Nested dictionary value from key path
Question:
Get the value from a nested dictionary with the help of key path, here is the dict
:
json = {
"app": {
"Garden": {
"Flowers": {
"Red flower": "Rose",
"White Flower": "Jasmine",
"Yellow Flower": "Marigold"
}
},
"Fruits": {
"Yellow fruit": "Mango",
"Green fruit": "Guava",
"White Flower": "groovy"
},
"Trees": {
"label": {
"Yellow fruit": "Pumpkin",
"White Flower": "Bogan"
}
}
}
The input parameter to the method is the key path with dots separated, from the key path = “app.Garden.Flowers.white Flower” need to print ‘Jasmine’. My code so far:
import json
with open('data.json') as data_file:
j = json.load(data_file)
def find(element, JSON):
paths = element.split(".")
# print JSON[paths[0]][paths[1]][paths[2]][paths[3]]
for i in range(0,len(paths)):
data = JSON[paths[i]]
# data = data[paths[i+1]]
print data
find('app.Garden.Flowers.White Flower',j)
Answers:
Very close. You need to (as you had in your comment) recursively go through the main JSON object. You can accomplish that by storing the result of the outermost key/value, then using that to get the next key/value, etc. till you’re out of paths.
def find(element, JSON):
paths = element.split(".")
data = JSON
for i in range(0,len(paths)):
data = data[paths[i]]
print data
You still need to watch out for KeyErrors though.
This is an instance of a fold.
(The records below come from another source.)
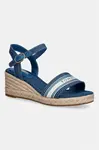 Tommy Hilfiger sandály na klínk MID WEDGE ESPAD WEBBING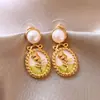 Estilo Pintura al Óleo Jardín de Monet Pendientes de Flor de Amor Perla Pendientes de Temperamento de Moda Lujo Ligero Pendientes de Gama Alta Venta al por Mayor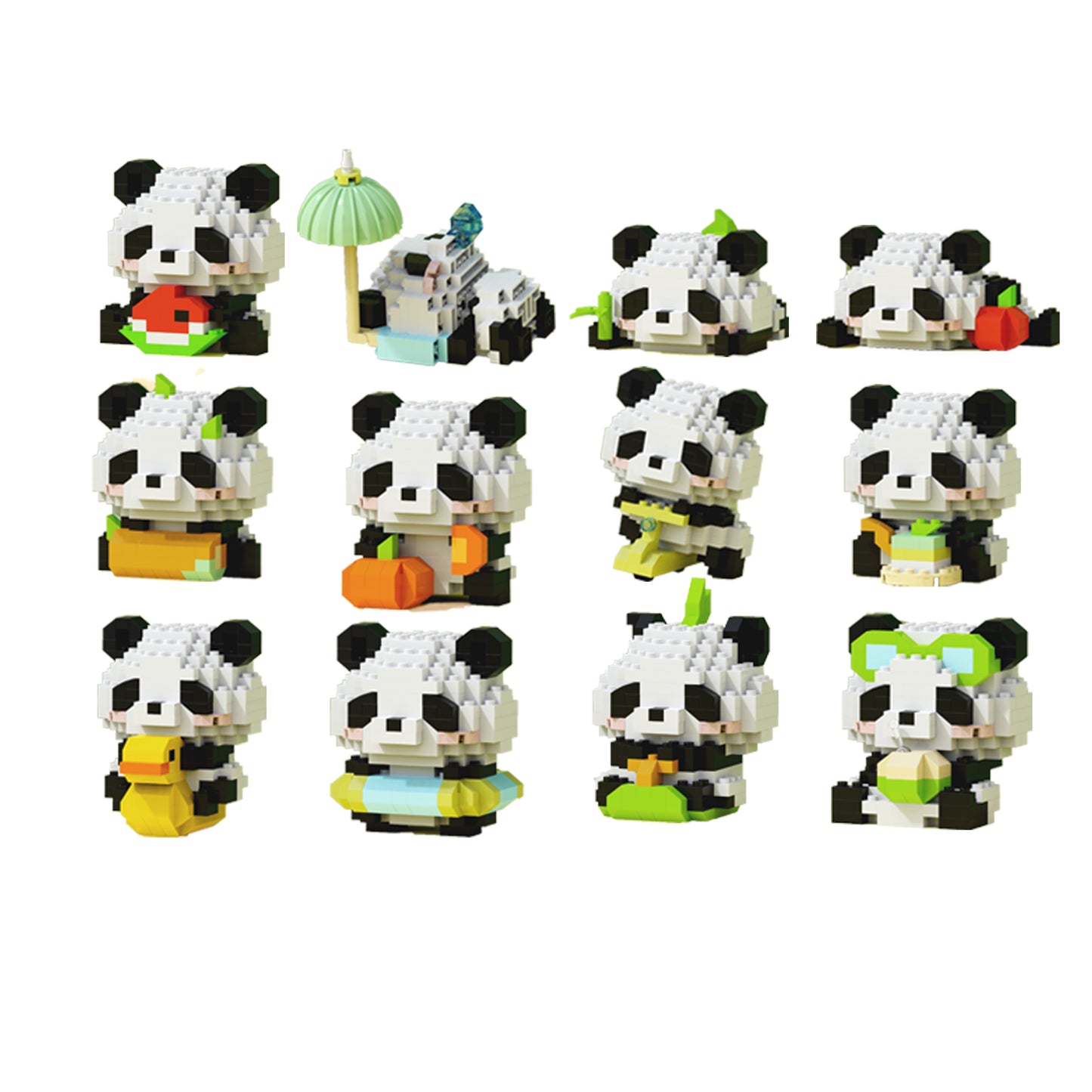 PandaBloques MK — Set de 12 Bloques de Construcción con Pandas (Material ABS, Blanco y Negro)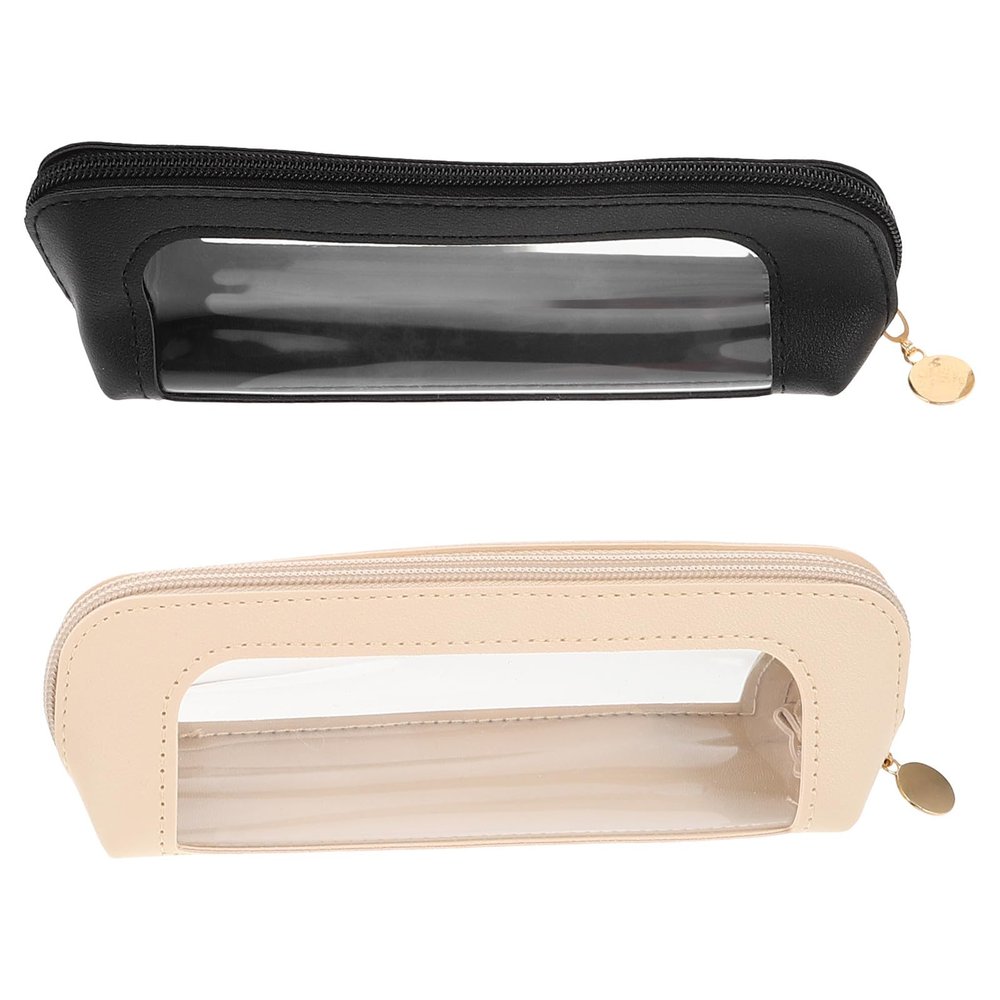 Abaodam 2pcs Travel Makeup Brush Case Set, Portable Cosmetic Organizer Pouch with Zipper, Large Capacity Makeup Brush Holder Bag for Women Toiletries and Cosmetics Storage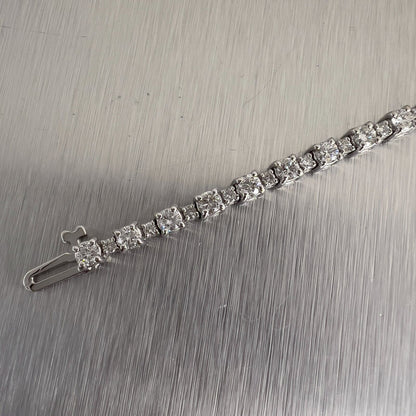 14k White Gold Diamond Alternating Tennis Bracelet 3.08ctw G VS2-SI1 7.00" 8.9g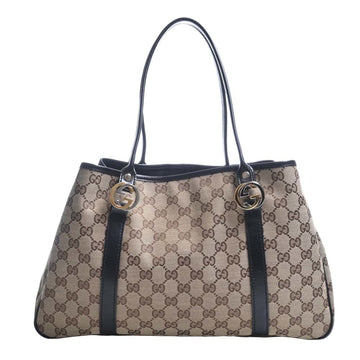 GUCCI VS Canvas Twins Tote Bag 232957 Beige/Black Women's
You can either write it concisely like this:
from functools import reduce
import operator
def find(element, json):
return reduce(operator.getitem, element.split('.'), json)
Or more Pythonically (because reduce()
is frowned upon due to poor readability) like this:
def find(element, json):
keys = element.split('.')
rv = json
for key in keys:
rv = rv[key]
return rv
j = {"app": {
"Garden": {
"Flowers": {
"Red flower": "Rose",
"White Flower": "Jasmine",
"Yellow Flower": "Marigold"
}
},
"Fruits": {
"Yellow fruit": "Mango",
"Green fruit": "Guava",
"White Flower": "groovy"
},
"Trees": {
"label": {
"Yellow fruit": "Pumpkin",
"White Flower": "Bogan"
}
}
}}
print find('app.Garden.Flowers.White Flower', j)
Your code heavily depends on no dots every occurring in the key names, which you might be able to control, but not necessarily.
I would go for a generic solution using a list of element names and then generate the list e.g. by splitting a dotted list of key names:
class ExtendedDict(dict):
"""changes a normal dict into one where you can hand a list
as first argument to .get() and it will do a recursive lookup
result = x.get(['a', 'b', 'c'], default_val)
"""
def multi_level_get(self, key, default=None):
if not isinstance(key, list):
return self.get(key, default)
# assume that the key is a list of recursively accessible dicts
def get_one_level(key_list, level, d):
if level >= len(key_list):
if level > len(key_list):
raise IndexError
return d[key_list[level-1]]
return get_one_level(key_list, level+1, d[key_list[level-1]])
try:
return get_one_level(key, 1, self)
except KeyError:
return default
get = multi_level_get # if you delete this, you can still use the multi_level-get
Once you have this class it is easy to just transform your dict and get “Jasmine”:
json = {
"app": {
"Garden": {
"Flowers": {
"Red flower": "Rose",
"White Flower": "Jasmine",
"Yellow Flower": "Marigold"
}
},
"Fruits": {
"Yellow fruit": "Mango",
"Green fruit": "Guava",
"White Flower": "groovy"
},
"Trees": {
"label": {
"Yellow fruit": "Pumpkin",
"White Flower": "Bogan"
}
}
}
}
j = ExtendedDict(json)
print j.get('app.Garden.Flowers.White Flower'.split('.'))
will get you:
Jasmine
Like with a normal get()
from a dict, you get None
if the key (list) you specified doesn’t exists anywhere in the tree, and you can specify a second parameter as return value instead of None
I was in a similar situation and found this dpath module. Nice and easy.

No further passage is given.